Debout dans le défilé des voitures, la scénographie des escaliers et des ruelles, Nathalie, Danielle, Nadine, racontent les ponts coupés avec les familles, les agressions en embuscade au fond des ruelles, la violence des intégristes qui veulent leur mort. Quand la caméra les approche, on les sent jauger la situation du regard, soupeser les informations qu’elles sont prêtes à donner sur la jeune femme introuvable, qu’elles connaissent plus ou moins, mais sont toutes prêtes à protéger de la curiosité de ceux qui pourraient lui vouloir du mal. C’est leur assurance qui cambriole le film (il faut parfois hurler à un badaud au regard louche de foutre le camp), leur certitude d’avoir Dieu avec elles. Et il faut entendre l’émotion dans la voix de celle qui, dissimulée sous un voile de mille et une nuits, nouvellement entrée en religion et ne se déplaçant plus que sous un hijab de perles, finira par se reconnaître sur la photo tendue par Zauberman, articuler sur le ton de l’affirmation et de la question en même temps, les yeux plissés sous sa parure, «Je le jure, c’est moi ?»
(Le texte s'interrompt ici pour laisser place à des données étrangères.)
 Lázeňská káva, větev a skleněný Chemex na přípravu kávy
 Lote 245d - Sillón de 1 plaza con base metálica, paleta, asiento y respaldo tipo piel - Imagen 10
Difficile de faire la part entre le mystère inhérent à la nuit et celui des plans quasi surnaturels que compose la cinéaste : les ondulations d’une chevelure lors d’un lip-sync en extase, suivant le mouvement d’une décapotable lancée à toute allure dans le ciel noir, ou le reflet du visage de Talleen dans la vitre du bus que conduit son père, pareil à une icône flottante. Yolande Zauberman dit filmer en se laissant porter par «l’intuition suivante», «ce dont le projet aura besoin», s’abstenant de trop en dire sur le projet pour construire, avec ses personnages, «un territoire qui n’est pas tout à fait le leur, qui n’est pas non plus le mien». C’est la belle réussite du film, que de matérialiser ce lieu de rencontre, pareil à un lieu de l’esprit, secret comme une prière faite à soi-même, puis partagée à la face du monde.

Séances spéciales. La Belle de Gaza de Yolande Zauberman. 1h16. En salles le 29 mai.